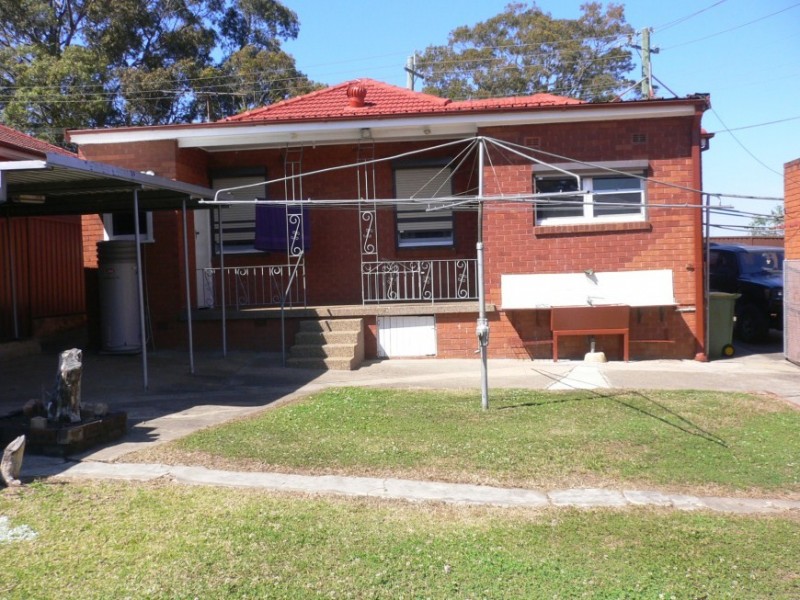 925 The Horsley Drive, Smithfield NSW 2164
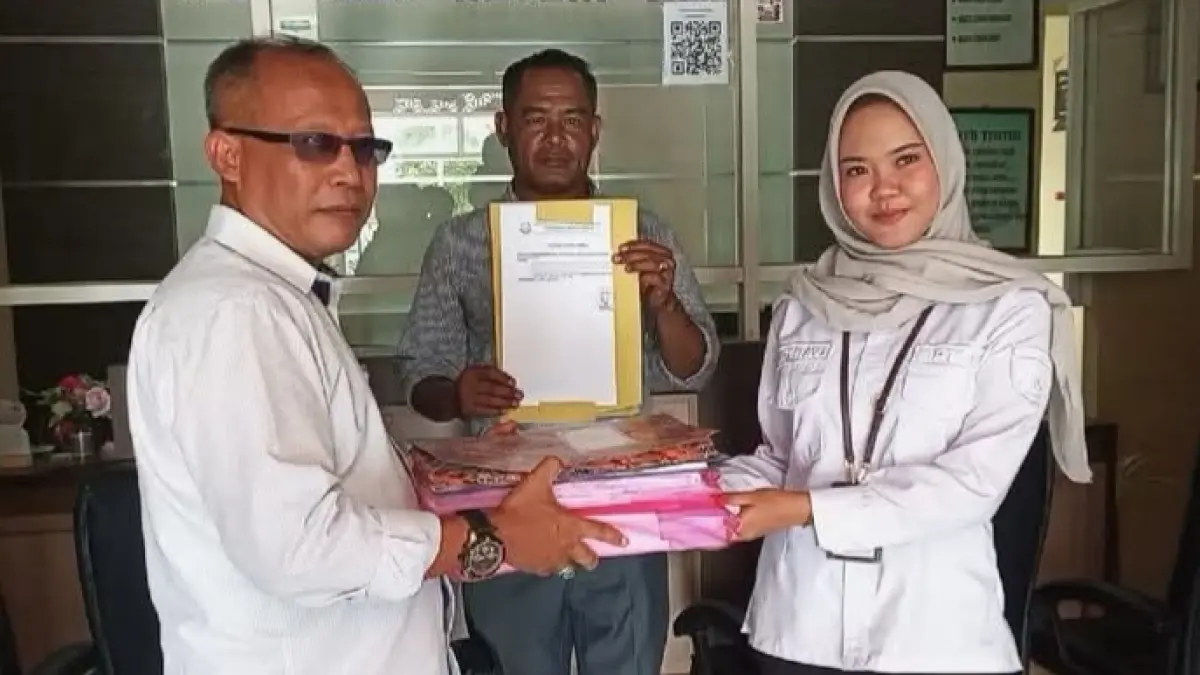 Plt Direktur PDAM Dompu Didi Wahyudi (kiri) menyerahkan setumpuk dokumen saat melapor ke Kejati Dompu, Rabu (6/5). (Facebook Yos Sudaryo)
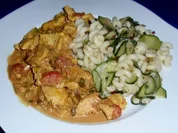 Putenstreifen in Himbeersahnesoße und Zucchininudeln - Rezept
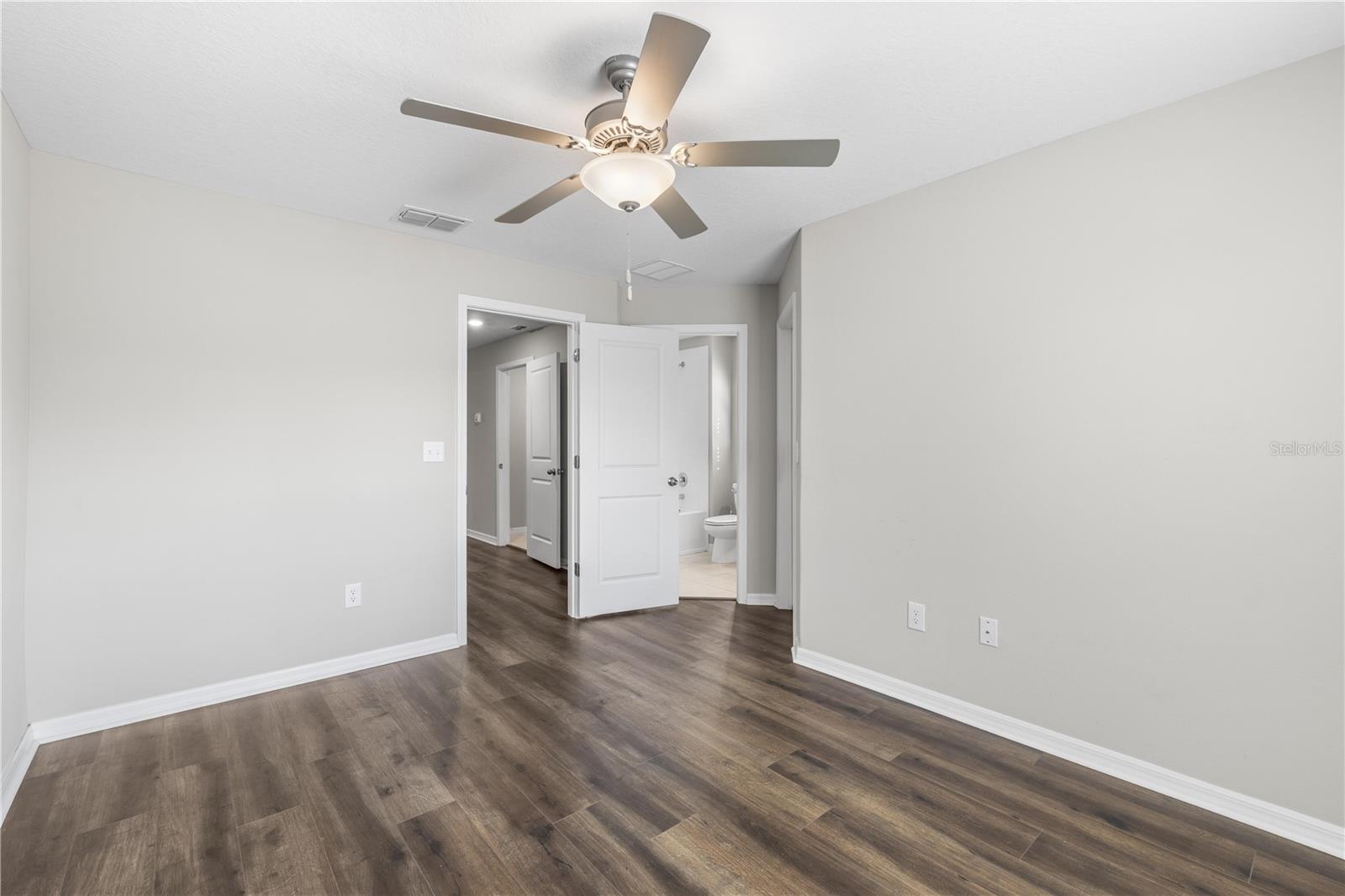 23281 WILLOW GLEN WAY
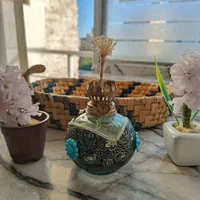 چراغ گردسوز و سبد حصیری شمعدون گلدان چینی دکوری|صنایع دستی و سایر لوازم تزئینی|مشهد, عامل|دیوار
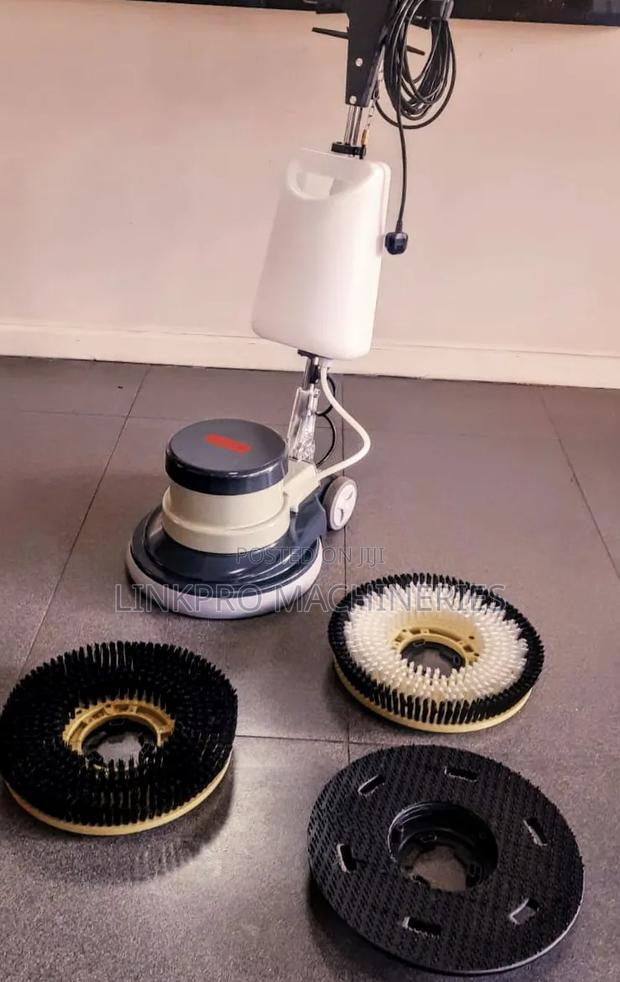 Am005 Astramilano Floor Scrubber With Brushes
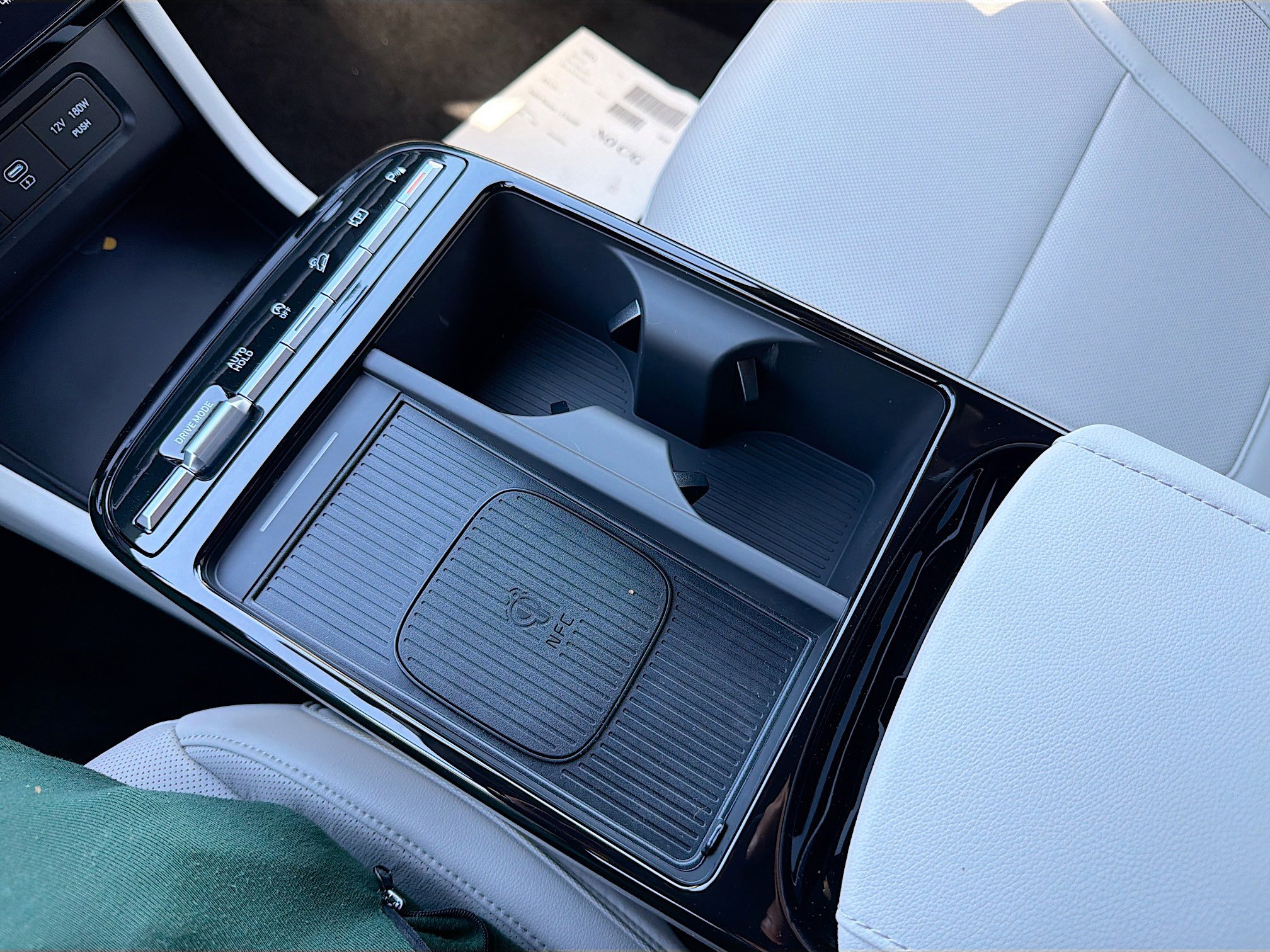 New 2026 Hyundai Tucson Limited image 30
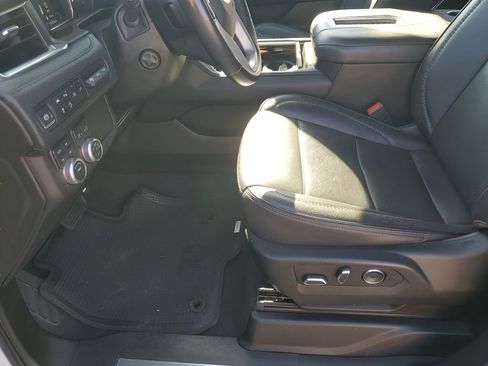 Used 2021 GMC Yukon Denali w/ Denali Premium Package image 33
• • • • • • •
§ What is required
All of the entries above must be reproduced exactly, and no image may be included.

§ Task output
 925 The Horsley Drive, Smithfield NSW 2164
 Plt Direktur PDAM Dompu Didi Wahyudi (kiri) menyerahkan setumpuk dokumen saat melapor ke Kejati Dompu, Rabu (6/5). (Facebook Yos Sudaryo)
 Putenstreifen in Himbeersahnesoße und Zucchininudeln - Rezept
 23281 WILLOW GLEN WAY
 چراغ گردسوز و سبد حصیری شمعدون گلدان چینی دکوری|صنایع دستی و سایر لوازم تزئینی|مشهد, عامل|دیوار
 Am005 Astramilano Floor Scrubber With Brushes
 New 2026 Hyundai Tucson Limited image 30
 Used 2021 GMC Yukon Denali w/ Denali Premium Package image 33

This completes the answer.